| AVAILABLE DATA |
|---|
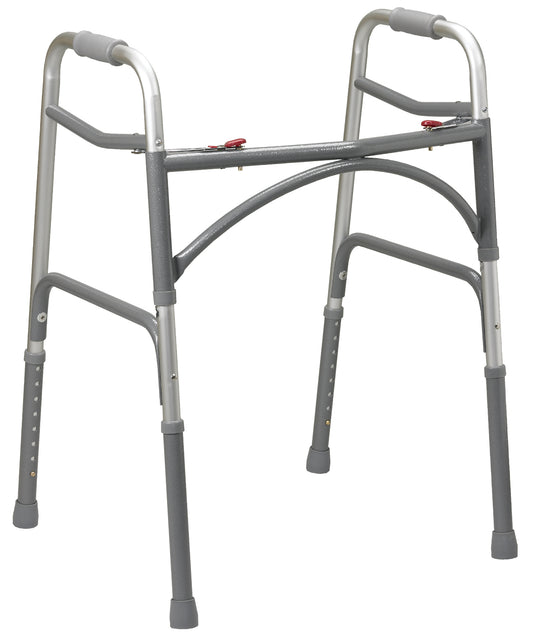 Heavy Duty Bariatric Walker (10220-1)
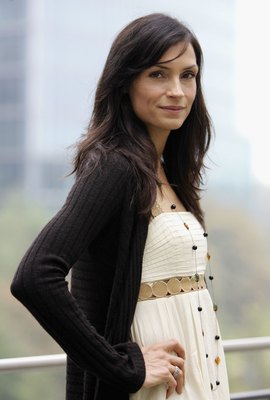 Famke Janssen posters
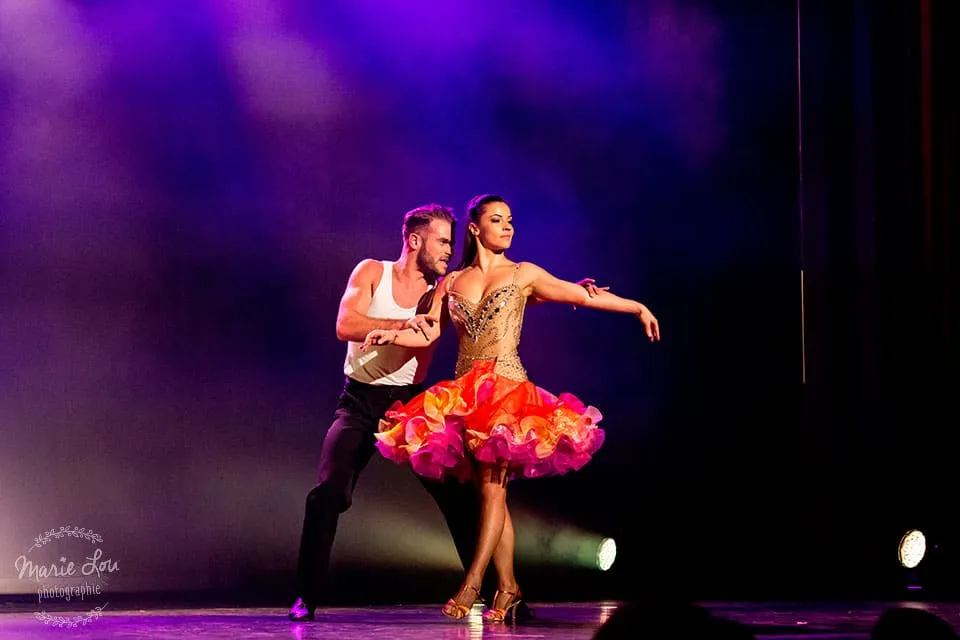 Troyes Danses Project, photo 1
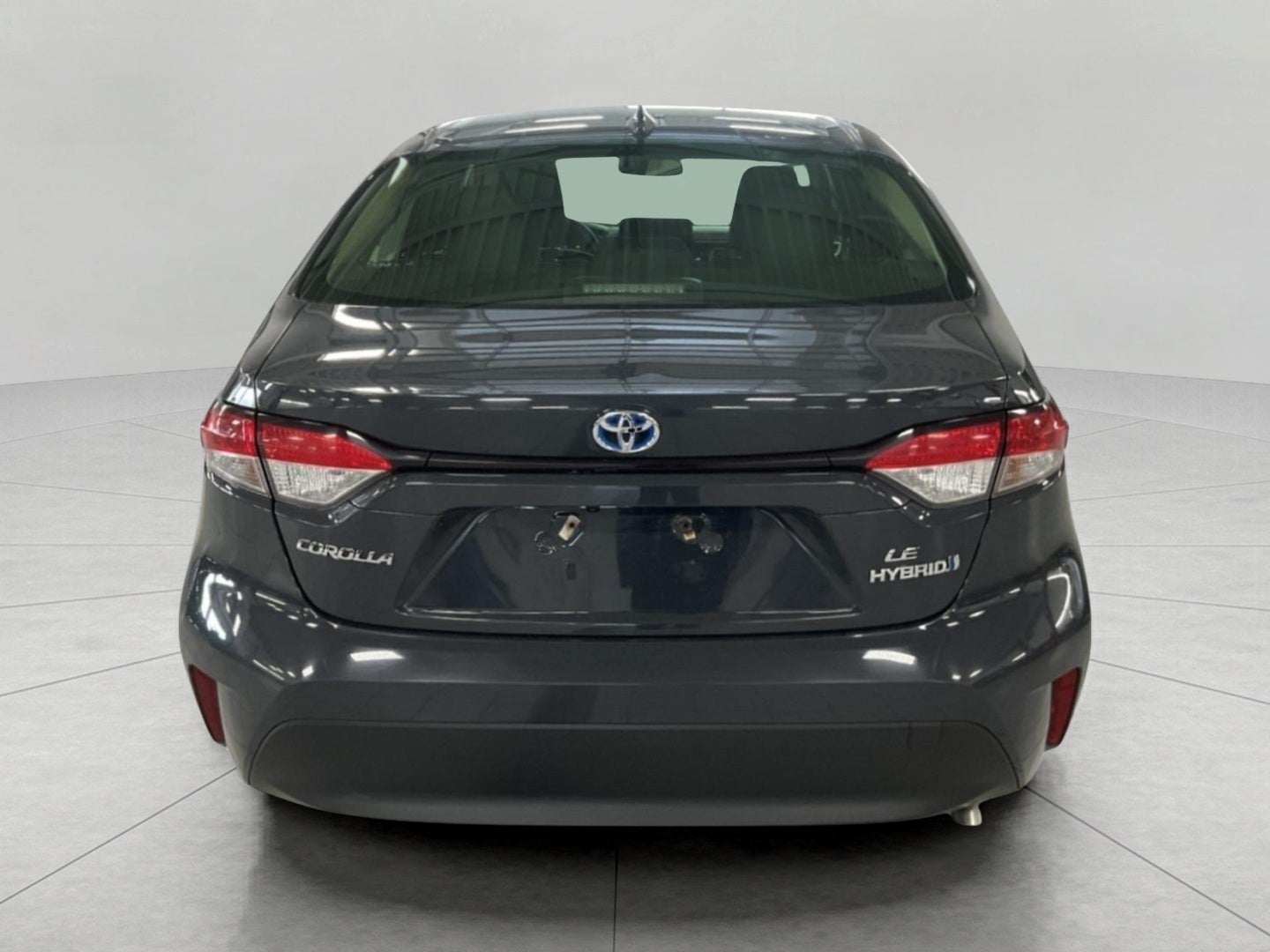 2023 Toyota Corolla Hybrid LE FWD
|---|
| GOAL OF THE EXERCISE |
Return the material exactly as it reads, though without the pictures it holds.

| RESPONSE BELOW |
 Heavy Duty Bariatric Walker (10220-1)
 Famke Janssen posters
 Troyes Danses Project, photo 1
 2023 Toyota Corolla Hybrid LE FWD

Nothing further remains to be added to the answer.